By examining persuasion in a variety of contexts, this text places
special emphasis on newer avenues of studying persuasion, such
as deception/deception detection, compliance gaining/resisting,
music as persuasion, subliminal influence, and visual persuasion.
Gross, Lynne S.
Radio-TV-Film Department
Telecommunications: Radio, Television, and Movies in the Digital
Age
(8th Edition)
This introductory college text for telecommunications media and
film discusses the history, form, structure and function of radio,
broadcast-cable-satellite TV, film, the Internet, and other electronic
media (e.g., audio and video tapes and discs). Topics include
business practices, programs, laws and regulations, ethics and
effects, advertising, audience feedback, production-distribution-exhibition,
and international electronic media.
Overbeck, Wayne
Communications Department
Major Principles of Media Law, 2003 Edition
This is a survey textbook on communications law, covering
such topics as the First Amendment, prior restraints, libel and
slander, privacy, intellectual property law, electronic media
law and regulation, advertising law, student press law and the
legal problems of newsgathering such as fair trial-free press
and access to information. The book is now in its 14th edition.
College
of Human Development & Community Service
JoAnn
Carter-Wells & Jane Hopper (University of
California, Irvine)
Reading Department
The Language of Learning: Vocabulary for College and Careers
(Third Edition)
This is the 3rd edition of a text developed to
respond to the academic and discipline specific reading and language
needs of the university student in preparation for his or her
career and job market requirements.

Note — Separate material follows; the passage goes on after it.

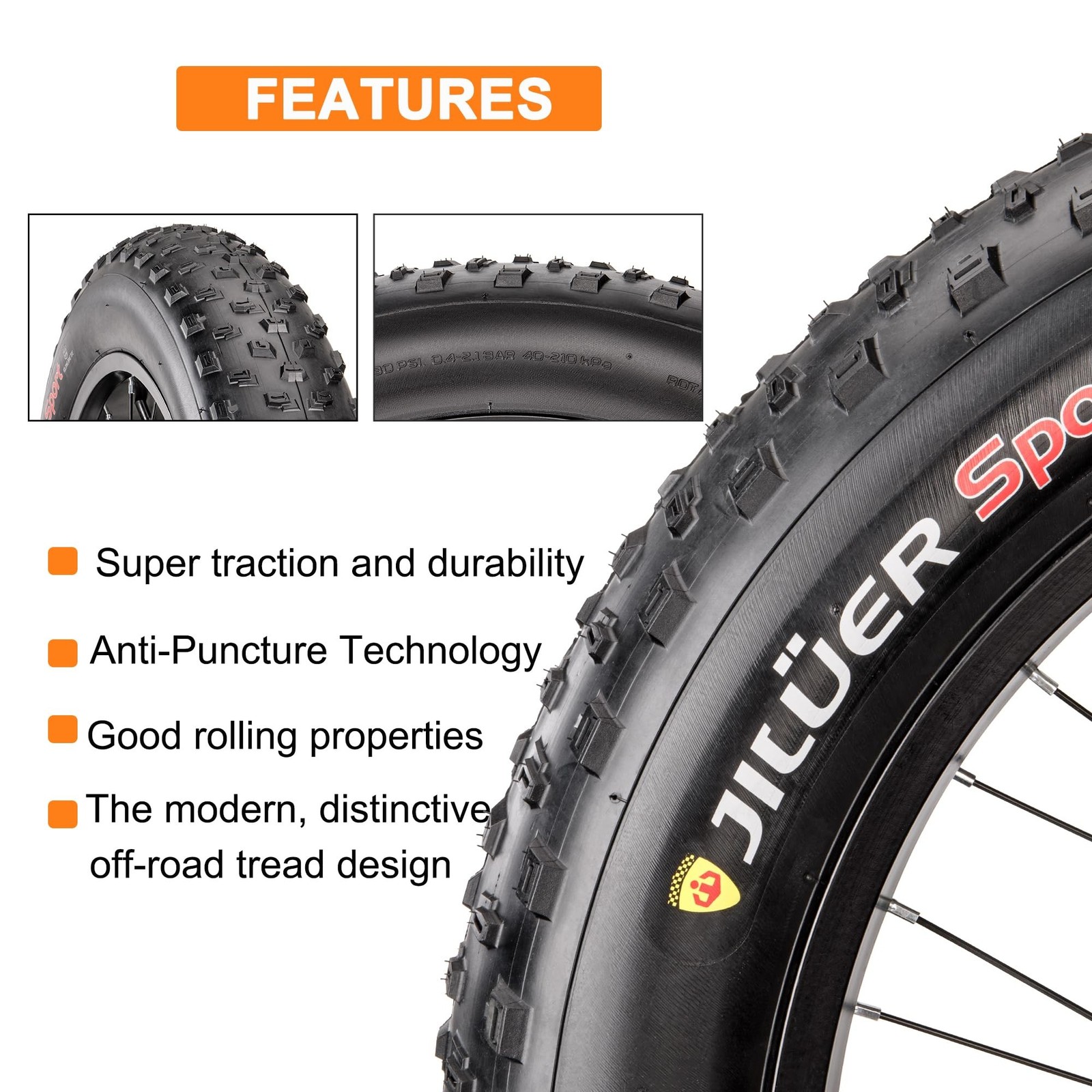 Fat Tire – 20” x 3.0”, 20” x 4.0”,26” x 4.0”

The self-study text is organized
around 16 academic and career disciplines with career overviews,
self-evaluation assessments, a variety of reinforcement exercises
and writing activities, and 5 CD’s. The concept for this
text originally was designed to fill a need in college reading
and learning curricula and was developed with the input of hundreds
of students and faculty at many institutional levels including
those with ESL, EAP, and ALP experiences.
Cho, Grace
& Sarah Cho (Editors)
Elementary and Bilingual Education Department
Studying Abroad at an Early Age (“Jo gi Yu Hwak”)
This edited book (in Korean) reviews the experience of studying
abroad at an early age (views from U.S. residents, from foreign
students) and contains a collection of personal essays on immigrants’
experiences living in foreign countries (from 1st generation,
1.5 generation and 2nd generation’s views) and other education
issues. It also has a chapter on the history of bilingual schooling
in the U.S.; recent research on heritage language development/loss;
and a researcher’s view on maintaining one’s heritage
language. The target audience is Korean parents (in Korea and
in the U.S.) who might be interested in sending their children
to study in the U.S.
Green, Tim & Brown,
Abbie
Elementary and Bilingual Education Department
Multimedia Projects in the Classroom: A Guide to Development
and Evaluation
Multimedia Projects in the Classroom helps teachers understand
how the multimedia development process works, and how it can be
used by teachers, as well as by students working on their own
projects. The book deals with the topics of integrating curriculum
content into multimedia production, producing professional multimedia,
and evaluating multimedia projects. Additionally, it addresses
standards set for classroom multimedia production developed by
the International Society for Technology in Education (ISTE)—
National Educational Technology Standards for Students (NET-S)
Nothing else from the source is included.